Since we moved in, we’ve been touring the city and setting things up here. I won’t bore you with the details of trying to arrange community living with seven people at the moment, but I will tell you that the city is pretty awesome. Friday and Saturday I spent exploring the surrounding Mission district, and we went out to a bar called Delirium on Friday. Today some of us ventured out to a church near Haight-Ashbury, and then we checked out the USF campus and perused the awesome shops on Haight, where I found myself a jacket. Tomorrow I start work—somehow it doesn’t quite seem real yet. I’ve been getting up around or before 9 a.m. (craaaazy) because of the time difference, and it’s kind of nice to have a longer day rather than staying up til 3 every night. I’m still working on figuring out a decent time to call my friends back on the east coast; three hours poses more of a problem than one might think. So if I haven’t gotten a hold of you yet, don’t worry, it will happen :~)

Here are pictures of the apartment and such! Taken with my cell phone because I don’t have batteries for my camera yet.

My Bed

My Bed

Messy Dresser in my Room

Messy Dresser in my Room

Our Kitchen

Our Kitchen

Corner of Living Room

Corner of Living Room

View of San Francisco near USF

View of San Francisco near USF

Two More Days

Two days left until I move, and I’m not freaking out yet. I think it’s still kind of surreal to me. Nira’s called me a couple of times since the interview, the week before last to ask which name I wanted on my business cards (business cards…!) and today to ask me to call her when we get to our apartment (or “casa” as the JVC likes to call it) on the 14th so she can come welcome us. It makes it somewhat less scary to be in touch with people. I’ve heard back from all of my future roommates (or “casamates”… I’m not sure how I feel about this terminology yet) and they all seem very nice. I’m flying out very early Friday, going from Rochester to Chicago to Denver to San Jose with a 4-hour-ish layover in Chicago. We meet up with the JVC representatives who will drive us to the orientation site at 1 p.m. on Saturday, so it looks like I’ll be spending the night in the airport. Even that doesn’t look too bad, since apparently other JVs are doing the same thing, and we’ll have our sleeping bags with us anyway.

It will be fine and I’ll have a great time. People keep telling me this and I know this, but I’m still allowed to be sad about leaving. I like to take things one step at a time. I haven’t been trying to drag goodbyes out forever this time around… It’s like I’ve acknowledged that no matter how long I spend saying goodbye it’ll never be sufficient, so it’s alright if they’re more succinct.

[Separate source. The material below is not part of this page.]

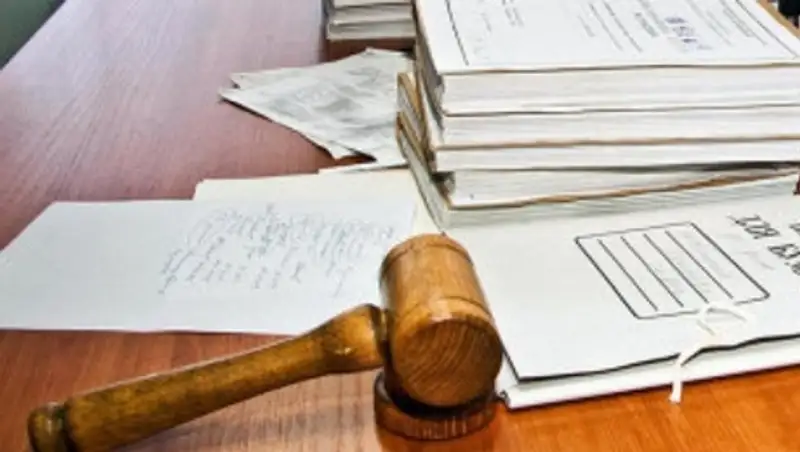 Арестованный в Актобе депутат угрозами вымогал долю в ТОО - следствие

But that doesn’t mean that I’m any less sad about saying them. I’m trying to convince myself that goodbyes are not a big deal because (a) it’s easy enough to keep in touch with people these days when you both want to keep in touch, and (b) goodbyes should be superfluous anyway. In theory I’d like to spend my whole life saying goodbye, in the sense that I’d like to make the most of every moment of my life and fully appreciate the people I am with, so that if that actually were the last time that I saw them, nothing would be left unsaid and I would have no regrets. Every once in a while I actually achieve this, but mostly not so much.

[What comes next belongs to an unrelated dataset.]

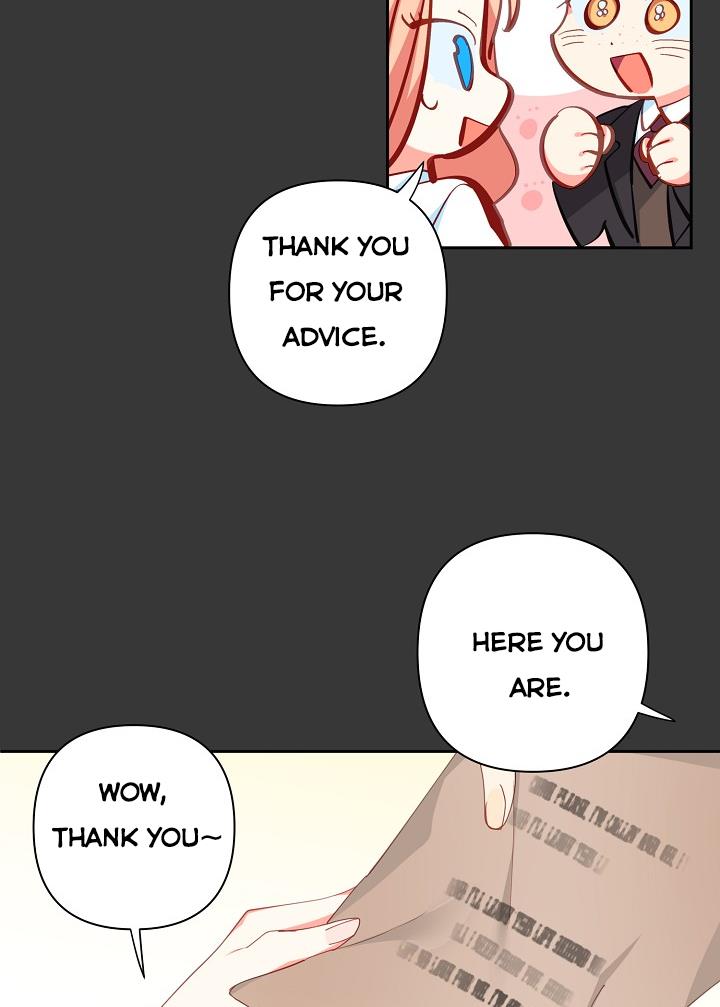 I Raised an Obsessive Servant Chapter 15 - Page 49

And I have two days left to pack and get everything ready to leave, which means that I am stressed. I have two more days to get my life in order. In the past couple of days I did laundry, hemmed four pairs of pants, chopped my hair off, deposited paychecks, wrote thank-you notes, did what is hopefully my last round of shopping, straightened up my room, cleaned the tree fort decorations and put them in the basement, and had a mini-early birthday party with my family. I still have to finish refinishing a bookshelf, pack what I’m taking on the plane, pack what I’m shipping afterward, probably do more laundry, say goodbye to everything, print out all the info I need, make sure everything I own will be safe where it is for a year, and continue not freaking out.